As águas do Rio Varosa, enquadradas por uma ponte românica medieval, criaram um recanto de beleza única no distrito de Viseu. Mais uma sugestão, desta vez no concelho de Tarouca, apresentada por Rufino Queirós, Presidente da Junta de Freguesia de Mondim da Beira.
Este é um destino de lazer fluvial de destaque no concelho de Tarouca. Fale-nos um pouco da sua origem.
Apesar de ser conhecida como praia fluvial, esta é, na verdade, uma zona de lazer não vigiada. Trata-se de um entancamento artificial do rio, feito, se não me engano, nos anos 80, e de um espelho de água com alguns metros quadrados. Uma das particularidades é a existência de rochas à volta da água, onde geralmente as pessoas se deitam.

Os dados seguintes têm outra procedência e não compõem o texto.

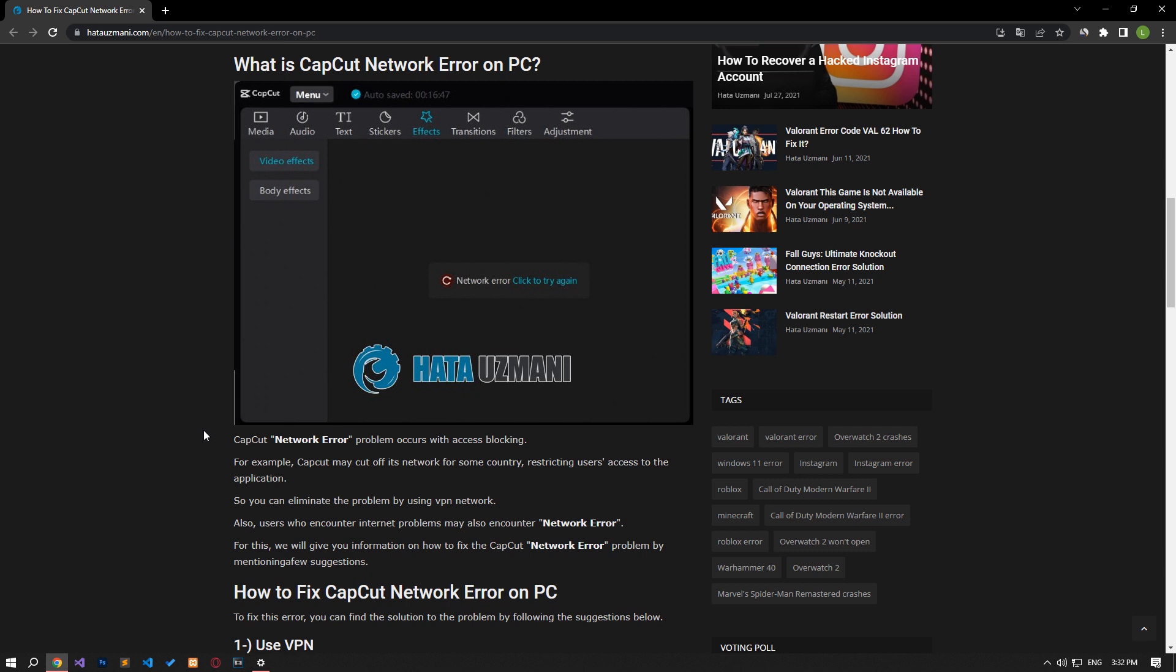Yes, in this video we have provided information on how to fix CapCut network error on PC. If the problem persists, you can comment.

Ao longo dos anos, o espaço foi sofrendo várias transformações. De momento, temos casas de banho, dois grelhadores e mesas feitas em pedra. Existem ainda uns passeios à volta da praia, também em pedra redonda do rio. Foi lá igualmente construído um bar, que só funciona na época de verão. Adianto já que, no próximo ano, a área vai ser intervencionada outra vez. Vai surgir um bar novo e vão ser acrescentadas mais pedras à zona circundante. A água é muito límpida, podendo mesmo ver-se o chão e os peixes a nadar, as trutas e os bordais. Além disso, é potável. Já fizemos análises várias vezes e posso atestar que é própria para consumo humano, isto é, pode-se beber, estando em conformidade com a Lei Nacional da Água. Esta praia é também uma das poucas abrigada por uma ponte românica, não se sabe bem se do século XIII ou XIV. É um cenário surpreendente, pois alia construções seculares a edificações recentes.
Qual é a capacidade da praia?
Não lhe posso precisar, pois a praia não é circunscrita e tem vários acessos. Ela tem uma entrada principal próxima do bar, mas depois as pessoas podem, igualmente, aceder à agua em diversos pontos ao longo do rio. Daí que seja didil dar-lhe a capacidade concreta. Posso, contudo, dizer que é um espaço amplo com amieiros e sombras. Temos ainda aquelas pedras enormes onde as pessoas se deitam para tomar banhos de sol. É tudo muito natural.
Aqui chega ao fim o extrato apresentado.